Почему он подумал, что мне было не интересно? Мне ведь действительно было интересно. Но его слова так повлияли на меня, что я принял их на свой счёт. Я промолчал. Мы молча сидели и дальше ели картошку, пар с неё уже не шёл. Молчание начинало нагнетать меня. Он так и не рассказал, что было вчера и как он меня нашёл. Из-за, опять, образовавшейся во мне тревоги, я не мог спросить ничего, хотя прокручивал в голове вопрос, и уже вот-вот настраивался сказать первое слово.
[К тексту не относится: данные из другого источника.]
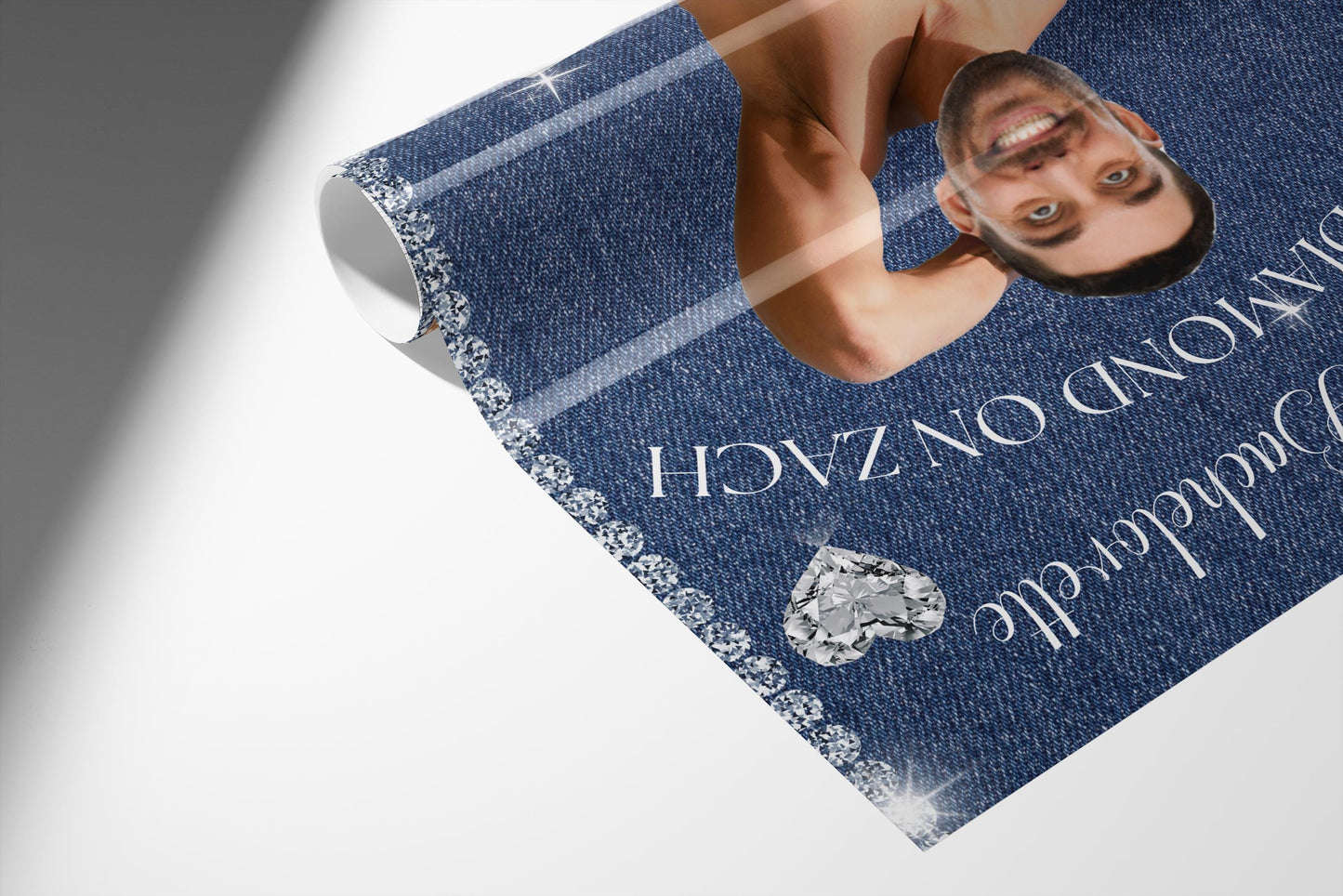 Denim and Diamonds Bachelorette Party Personalized Game Printable Poster Groom face decor Hen blue jeans and bling Ladies night out country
Но тут Викторович начал сам:
– Ладно, это всё ерунда, забыли. Я ведь должен ввести тебя в курс дела и рассказать, как я тебя нашёл.
– Точно, я уже и забыл, – солгал я.
– Значит, смотри. Дело было так, ничего ужасного и необыкновенного не произошло, но я расскажу. Была обычная для меня ночь. Я проснулся около двух ночи, захотел в туалет, но потом ещё захотел чая. Сделал кружку чая и начал писать. Писал-писал, потом захотел прогуляться по городу. Да, я гуляю ночью по городу, не удивляйся, для меня это обычное дело. Просто мне так нравится, вот я и гуляю. Да и вообще я делаю только то, что мне нравится.
– Значит забирать пьяных студентов к себе домой вам тоже нравится? – почему-то улыбнувшись, сказал я.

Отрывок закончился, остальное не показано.